Mit etwas weniger Action geht unser Tag weiter – wir wandern dort noch etwas herum, beschließen aber wegen des nicht ganz so tollen Wetters weiter zu fahren. Am Old Man of Storr angekommen. Gleiches Prozedere wie immer: Sachen auf den Rücken spannen und los gehts – außer für Tophi, der ja immer noch mit dem schweren Fußleiden zu kämpfen hat 😉 Kaum aus dem Auto raus, verstehen wir die übrigen Touristen, die mit zusammengekniffenen Augen und händewedelnd durch die Gegend laufen – ALLES VOLLER MIDGIES! Ich muss sagen, nach ein paar Metern merkt man die Midgies in der Nase und den Ohren schon gar nicht mehr und mit etwas Glück kann man sogar seine Augen vollständig öffnen und die – je höher wir kommen – schöne Landschaft genießen. Mir geht irgendwann die Puste aus und ich lasse die beiden Sportskanonen, Phil und Eric ohne mich weiter laufen. Ich laufe bis zu einem Plateau und beschließe noch beim Schießen der ersten Fotos wieder umzudrehen – die Midgies verursachen inzwischen nämlich hübsche Flecken auf der Linse. Ich fange erst gar nicht an aufzuzählen, wo sie noch überall waren.

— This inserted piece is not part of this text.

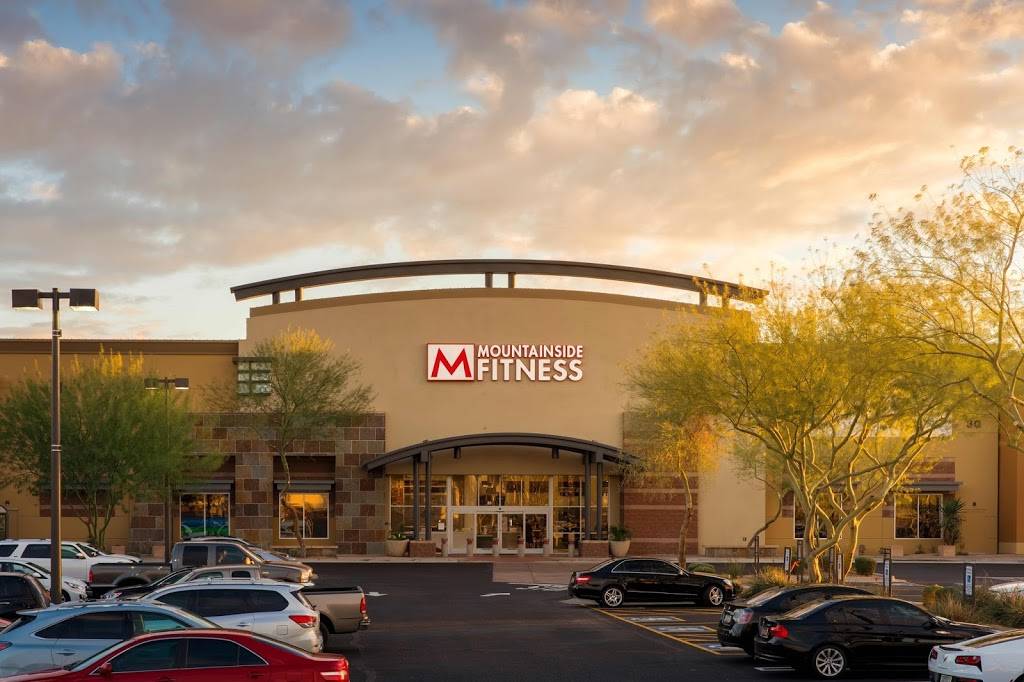 Mountainside Fitness Happy Valley | 2501 W Happy Valley Rd Suite 30, Phoenix, AZ 85085, USA | Phone: (602) 601-4747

Im Crafter quatsche ich mit Tophi, als auf einmal ein weißer Transporter mit Potsdamer Kennzeichen auf uns zukommt uns mit einem „Eeeey, Bärliner!“ begrüßt. Wir erzählen, wo wir überall waren und tauschen ein paar Reisetipps aus – liebe Grüße an dieser Stelle an Euch!
Als Eric und Phil zurück sind, fahren wir zu unserem Campingplatz für die Nacht und auf dem Weg erzählen die beiden von ihrem unglaublichen Erlebnis oben auf dem Old Man of Storr.